On Bureaucratic Dehumanization:
“The reality had become there was no personalization, only more of the churn moving faster and faster.”
— Ruby Kramer, on Kinison’s experience (07:30)
On Detention Center Life:
“Red was for domestic violence and gun charges. Yellow was DUIs. Blue was low level for things like traffic tickets... The only time he saw the people in other colors was on Sundays for church.”
— On color-coding in ICE facilities (23:43)
On Honesty With Clients:
“At the present time, there's nothing he can really do to remain in the U.S.”
— Kinison to a caller (12:55)
On Legal Futility:
“Maybe one or two of the cases stood a chance. I’m just... I’m tired of losing.”
— Kinison (16:37)
On Advocacy vs. Suspicion:
“I'm an immigration lawyer. It's my job to protect people with no legal status in this country, not turn them over to ICE. So don't worry. That will not happen.”
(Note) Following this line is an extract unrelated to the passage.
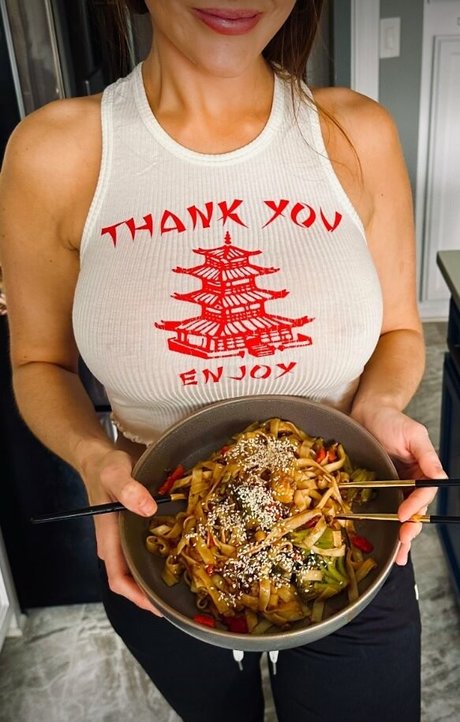 Macy Malibustrings nude model gallery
— Kinison to a local business owner (28:41)
On the Role of Luck and Policy in Outcomes:
"It just depends on the type of judge that we get... It depends... It was the judge... It was the latest policy memo from ICE... It was the money in the man’s bank account... all the way up to the person elected president..."
— Kinison explaining to a caller (29:18–29:22)
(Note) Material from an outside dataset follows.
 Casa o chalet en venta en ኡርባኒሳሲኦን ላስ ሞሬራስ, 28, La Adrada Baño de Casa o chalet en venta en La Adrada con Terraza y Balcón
Ruby Kramer’s narration is empathetic, measured, and sharply observant, echoing Kinison's own balance of emotional honesty and restrained hope. Kinison’s dialogue—both with clients and his own family—is marked by compassion often tinged with exhaustion, as he navigates a system often impermeable to empathy.
This episode offers a window into the inner workings and everyday realities of immigration law in rural America. Through Kinison’s perspective, listeners witness the grind of providing “fervent representation” in a system skewed by distance, anonymity, policy shifts, and backlog. The episode articulates, with clarity and humanity, how the struggle for a fair chance is shaped as much by randomness and systemic inertia as by legal merit or moral character.